> **What you should do**
Could you repeat, word for word, the line with "Climbers' Nest 'With" and every line after it in the records below, leaving out any pictures?

Stored entries:
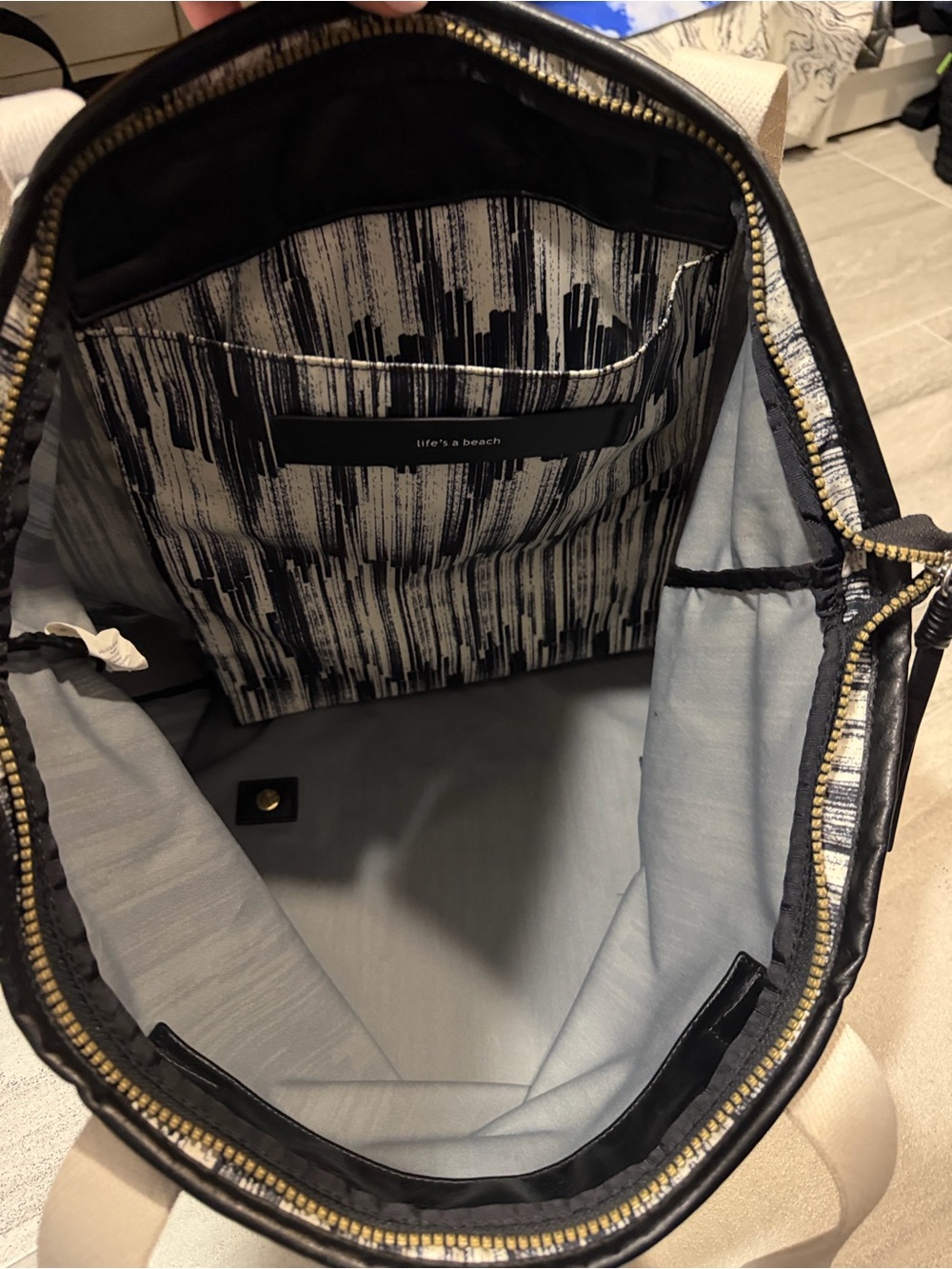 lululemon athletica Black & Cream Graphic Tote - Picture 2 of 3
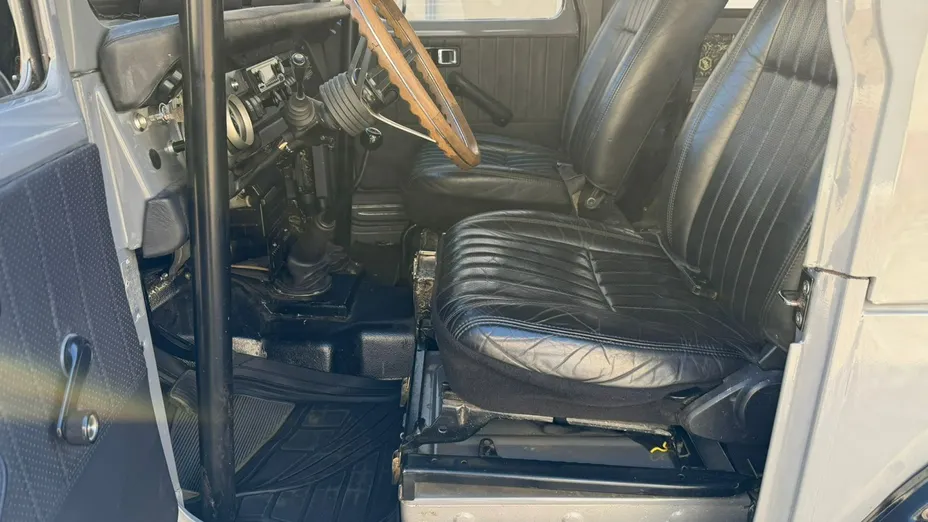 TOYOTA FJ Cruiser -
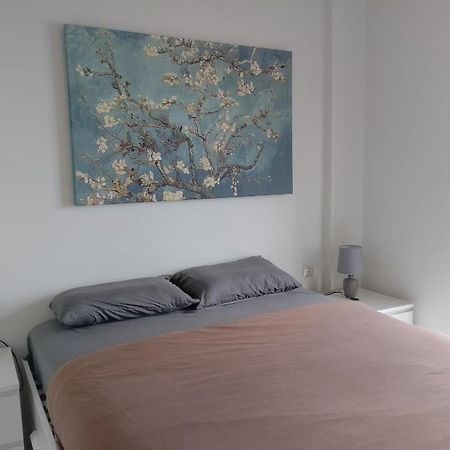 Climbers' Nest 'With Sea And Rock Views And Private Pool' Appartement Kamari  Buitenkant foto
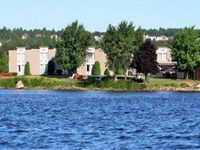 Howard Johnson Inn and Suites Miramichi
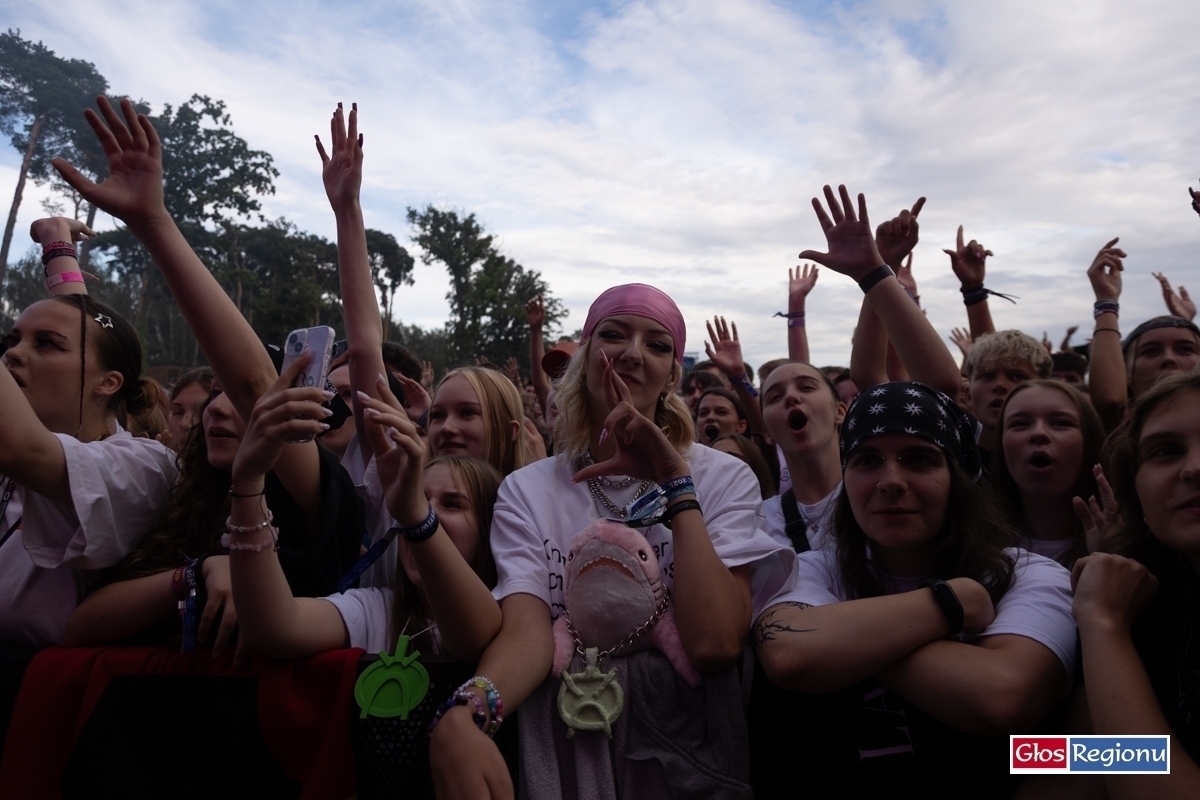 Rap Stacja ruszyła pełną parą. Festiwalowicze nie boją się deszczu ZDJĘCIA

> **Exercise response**
 Climbers' Nest 'With Sea And Rock Views And Private Pool' Appartement Kamari  Buitenkant foto
 Howard Johnson Inn and Suites Miramichi
 Rap Stacja ruszyła pełną parą. Festiwalowicze nie boją się deszczu ZDJĘCIA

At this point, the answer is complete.